Корнилов сделал жест рукой, и из-за его спины выступила девушка в черной кадетской форме — невысокая, щуплая, обладательница огромных карих глаз, кажется, едва умещавшихся на узком скуластом лице. Темные волосы новенькой были заплетены в две тонкие кривоватые косички, правая при этом спадала на отнюдь не выдающегося размера грудь, а левая оставалась где-то за спиной.
По шеренге первокурсников пронесся недоуменно-рассеянный гул.
— Что-то я ее не помню на вступительных, — почти не размыкая губ, сухо пробормотала слева от меня Тереза фон Ливен.
— Точно, не было у нас на потоке никакой Ивановой! — в полголоса подтвердила Маша Муравьева.
— Тридцать седьмым в рейтинге шел Сашка Переверзев, должны были тогда его зачислить! — проговорил справа Юдин из отделения Тоётоми.
— Нет, — возразили ему. — Кто не прошел — тот не прошел, таковы правила!
— А эта глазастенькая тогда здесь по какому правилу?
— Меня спрашиваешь? Я откуда знаю?..
— Прошу тишины! — сурово сдвинув брови, призвал нас к порядку Корнилов. — А вы, сударыня, — повернулся он к новенькой, — извольте занять место в строю. Ваше отделение — третье.
Иванова что-то ему ответила, но что именно, расслышать с моего места оказалось невозможно. Зато было отлично видно, как девушка спустилась с трибуны, уверенно направилась к нашей шеренге, затем, уже подойдя к нам почти вплотную, вдруг остановилась, будто бы в сомнении завертела головой — и внезапно вклинилась в строй справа от меня.
Кто-то из ясухаровских хихикнул.
Гм… Не то чтобы мне так уж была дорога эта чертова позиция правофлангового в отделении… Но, во-первых, что мое — то мое. Во-вторых, порядок есть порядок. А в-третьих, девица пришла сюда вместо Нади. Да, ясен пень, она не была в этом ни духа виновата, но моей симпатии к ней такое положение дел никак не способствовало…

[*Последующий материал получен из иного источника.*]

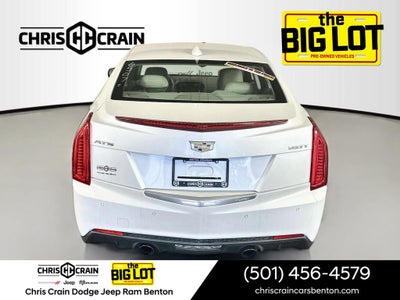 2016 Cadillac ATS 2.0L Turbo Luxury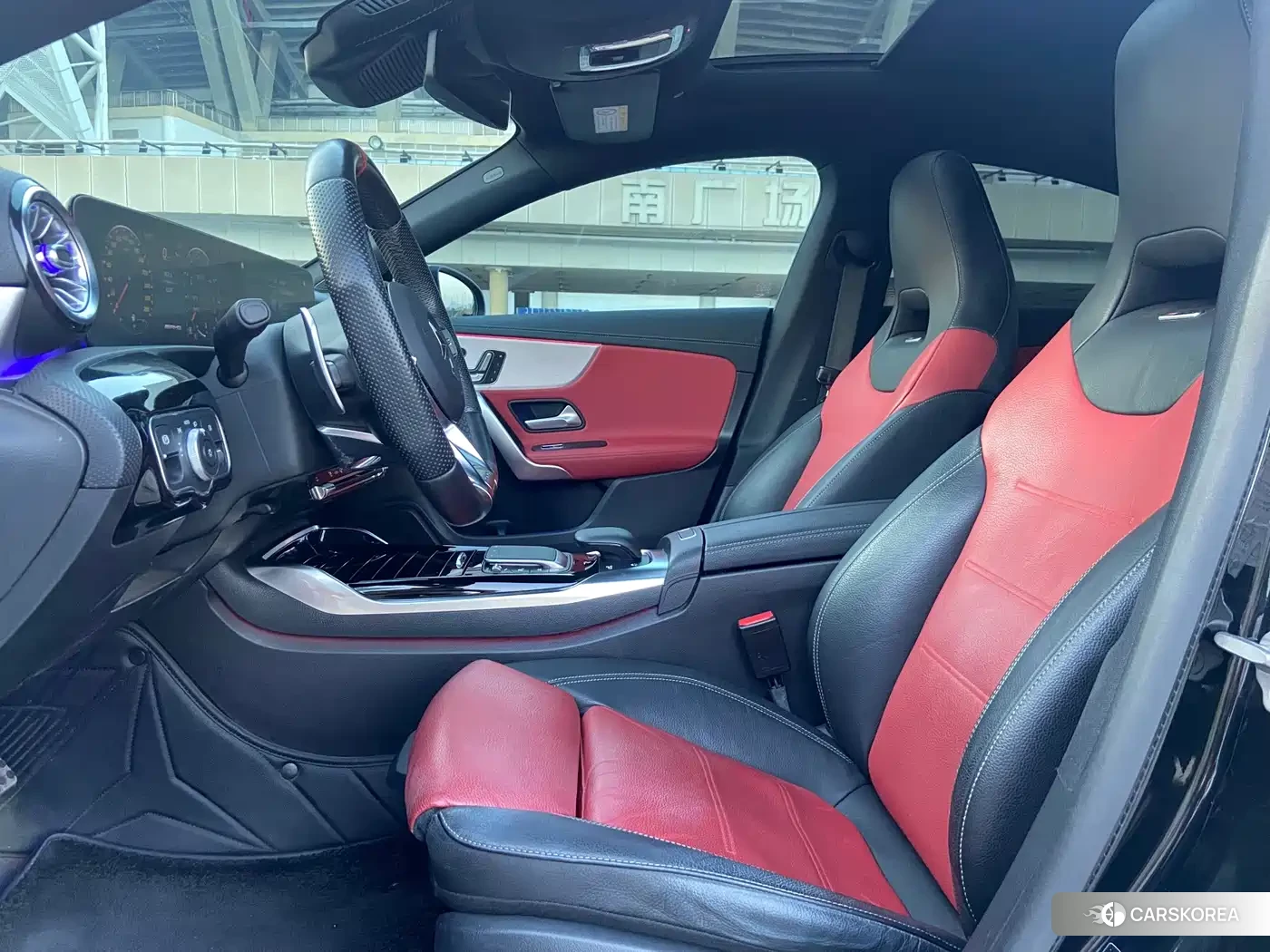 Mercedes-Benz CLA AMG 2020 Черный из Китая, фото 6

— Сударыня, вам не сюда, — угрюмо буркнул я, аккуратно, но твердо оттесняя новенькую плечом.
— Почему? — удивленно посмотрела она на меня — вроде бы и снизу вверх, но при этом разве что не свысока. — Сие же третье отделение? — в речи новенькой будто бы слышался легкий акцент.
Справа снова послышались смешки.
— Третье, — подтвердил я. И не нашел ничего лучше, как только добавить. — Но место на его правом фланге необходимо заслужить!